Trevor S. Koehn, 561 Rigby Road, Bonners Ferry, and Tyler J. Morris, 198 Sandy Ridge Road, Naples, both 17, are each facing charges of burglary and malicious injury to property after store video captured their antics in detail ... despite their apparent best attempts to leave no clues behind.

According to Pro-X employee Troy Twining, contractor sales, employees opening the store Tuesday morning immediately knew something was amiss; computers were torn apart and stacked in the hallways and the store was a mess.

It had snowed Monday night and into Tuesday morning, so the culprits point of ingress was fairly obvious; they scaled the fence and then crossed the yard, leaving pretty fair tracks all the way, to reach a back door which they allegedly pried open, leaving obvious marks of a pry bar.

Before going in, they donned ski masks.

Then they systematically went through all the offices, ripping apart more than a dozen computers, and taking out the most crucial part, the hard drive, from each of them.

"It looks like they were trying to disable the cameras or take any video evidence  held on the hard drives," Troy said.

That plan missed, but it dealt a serious set-back to the business, which reopened on time Wednesday morning after spending all day Tuesday closed, not only to allow sheriff's investigators untrammeled evidence, but to get their business computer system restored enough to reopen and to assure customers that the setback hadn't affected its obligations, either to its customers or its suppliers.

Fortunately, all the hard drives, and the data they held, were recovered.

"The phones were ringing off the hook Tuesday," Troy said, "and we couldn't answer them with all that was going on."

After noticing the disarray and the mess, the crew opening the store held off unlocking the doors and called for help.

Despite the trashed computers, some mangled beyond repair but most taken apart with a bit more finesse ... the crooks missed the target they were aiming for ... the computer that held the video surveillance record. Apparently unknown to them, that record also included audio, and nearly three hours of evidence ... the duration of the time they are accused of being in the store, were captured.

It's unlikely that they will be nominated for an award for their performance.

"After the computers were damaged, they began lifting their masks," Troy said. "They were heard several times calling each other by name."

The pair left behind not only the video and audio record, during which they looked directly into the cameras they thought they had shut down, sans mask. In addition, they behind a good many fingerprints, a bit of blood and other forensic evidence which deputies collected in quick order.

The evidence the suspected culprits, Koehn and Morris, left behind not only implicates them in this crime, but may well tie into and solve some recent others.

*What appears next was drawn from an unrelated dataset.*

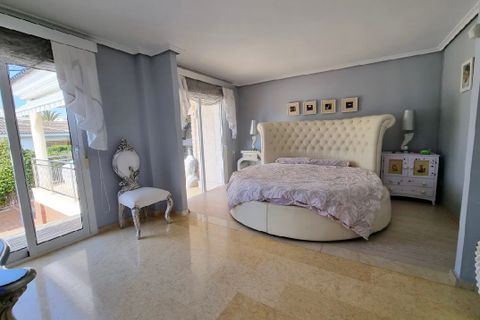 Villa i Torrevieja, Alicante, Torrevieja - € 1.170.000 | Ref: C-1187 - foto 16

In addition to damaging the computers, around $500 in cash was taken and, in a showroom full of high-end tools and equipment, Troy said, several pocket knives and flashlights were also taken. Except for the cash, all the stolen merchandise was recovered.

Troy estimates that the cost to the store will exceed $30,000, including the loss of a day's business, and said it will likely take up to two weeks before the computer system is fully restored.